No team in NHL history played with the lead longer in a Stanley Cup Final than the Panthers. And on a night the Oilers’ stars were again blanketed, Barkov (two assists), Reinhart (four goals), Tkachuk (the Cup-clincher), Verhaeghe (three assists) and Bobrovsky (a near shutout) had monster games.
Ask any of the Panthers, though, and they’ll tell you that every member of their entourage had a hand in seeing them through a difficult playoff journey that included 10 road victories.
“It takes everyone,” Marchand said.
“On the road, it was together – no matter what,” Tkachuk added. “Like every single person, trainers, everything.

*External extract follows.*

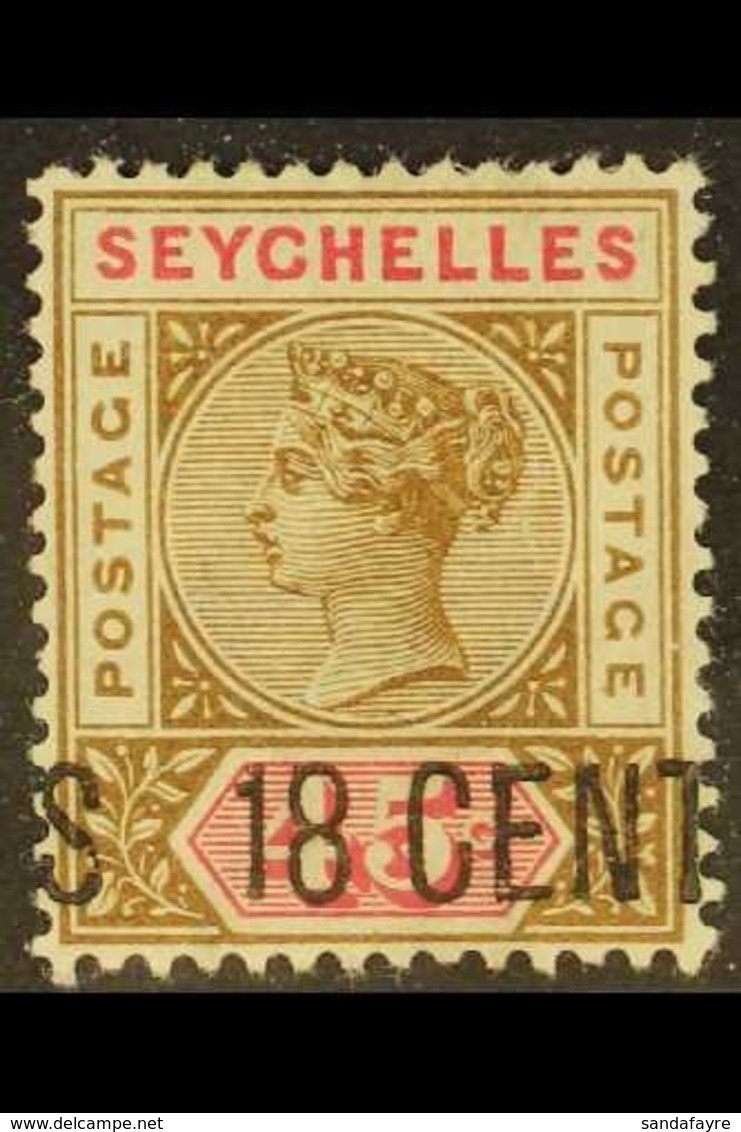 1896  18c On 45c Brown & Carmine, Surcharge SHIFTED TO RIGHT, Hence "S" Of "CENTS" At Left, SG 26, Mint. For More Images - Seychelles (...-1976)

We’d go to the lounge, and every single person (was there). This team is as tight of a team as you’re going to find in pro sports, and that’s a huge reason why we won.”
There was no denying that when it came time for them to take another dance with Stanley, the feeling on the ice was a little different. Less exuberance, but maybe a touch more satisfaction.
“The awareness that it doesn’t go captain to captain to captain to Sam Reinhart, who scored four,” Maurice said.
“The awareness of each other. All those guys that touched it first, it was their first Cup, so that’s what makes these men special. To be aware of that, they’re just not selfish at all. There’s no pecking order.”
“This is a team that plays for each other,” owner Vinnie Viola said, “What championship team hands the Cup to every (new) guy? It comes natural to them. They’re servant leaders. They always put other people before themselves. They really do. You can see it on the ice. Really special. There’s no ego at all.”
For all the brute force the Panthers often display in the heat of battle, there was something beautiful about the love they showed, too. The way they looked out for each other and looked after each other. A true example for 31 other NHL organizations to strive for.
“It’s actually not the Stanley Cups,” Maurice said. “Watching these guys interact with each other, that’s been the gift (of) this place.”
Although the Stanley Cups are nice, too.